Preferiste, no entanto, continuar com a tua velha Olivetti, com as suas teclas gastas, e que exigia de ti, enquanto
datilografavas o teu livro sobre Aristóteles “Crítica do Animal Político”, um
esforço muito maior, com as aborrecidas, incômodas cópias de papel carbono,
e nenhuma flexibilidade em termos de
correção de erros.
No caso
da internet, a recusa seria não de utilização de um novo tipo de telefone, e
portanto, de um aparelho determinado e específico. Não havia comparação no que
tange à refutação da internet e da informática. Agora te inscrevias entre os
negadores do novo paradigma. Mais tarde, mostrarias a fragilidade dessa
atitude, pois até tentaste obter acesso a informações livrescas pelo trâmite da
internet. Se quiséssemos aprofundar a questão, se corre
o risco de desvendar o que não passaria de capricho, de um repúdio ditado pela
idade e o sentimento, e nunca pela razão.
Creio já haver-te mencionado a dúvida sobre texto de Simonides. Às tuas indagações, preferi mandar-te duas ou três páginas que preparara no meu computador de então, utilizando programa especial para grafar em caracteres gregos nas citações do fragmento deste poeta arcaico.

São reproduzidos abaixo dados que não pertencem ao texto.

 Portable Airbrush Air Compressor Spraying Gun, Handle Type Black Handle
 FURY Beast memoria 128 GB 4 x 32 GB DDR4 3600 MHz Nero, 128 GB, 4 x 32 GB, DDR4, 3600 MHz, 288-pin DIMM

Após receber o papel pelo correio, a impressão quanto à disparidade de meios terá sido tamanha, que apesar da tua habitual reserva, não lograste sopitar a admiração em que eu pudesse apresentar-te o texto com as citações gregas no original, o que para ti seria impossível.
Percebendo a tua reação – em que te vias com certa tristeza incapacitado
de dispor de tal flexibilidade quando pretendias inserir citações em grego no
corpo do teu livro – preferi calar-me, ao sentir o quanto te doía não poder
valer-se da nova tecnologia.
Se eu buscava entender a tua reação – malgrado o leve, irônico sorriso me acompanhasse, quando me repassavas inúmeros recortes de revistas e jornais, com denúncias e invectivas contra o demônio da internet, por ti coletados em epimetéica, se bem que baldada faina – esforçava-me em não parecer patronizante na discordância, pois não desejava alargar o fosso que já necessariamente se abria entre as duas posições. De uma certa forma, me via constrangido, no gesto e na palavra, a repetir a conhecida expressão latina do non possumus[3], e com isto queria deixar cristalinamente clara a minha discordância no capítulo.
Como o
espaço em que demoras, não sofre das contingências terrenas, eis que, por artes
que oportunamente hás de explicar-me, a ansiedade não é mais fator computável,
peço licença para versar o assunto na correspondência a seguir.
Sem –
pesa-me reconhecê-lo - o desatado vigor dos teus demasiado saudáveis tapas nas
costas, com que fustigavas, na entusiástica manifestação da amizade sem peias,
e de que o colega mais jovem fugia por causa da frágil coluna, aceita o abraço tingido de saudade
[1] Tempos agitados, que surgem entre o
esfacelamento da civilização anterior e o surgimento da nova civilização.
[2] A
circunstância de ser carregado pela corrente, sem qualquer controle sobre a
direção do movimento.
[3] Não podemos (os papas costumavam falar
em plural majestático).
[4]
Pôr as contas em dia (mais utilizado em filmes policiais).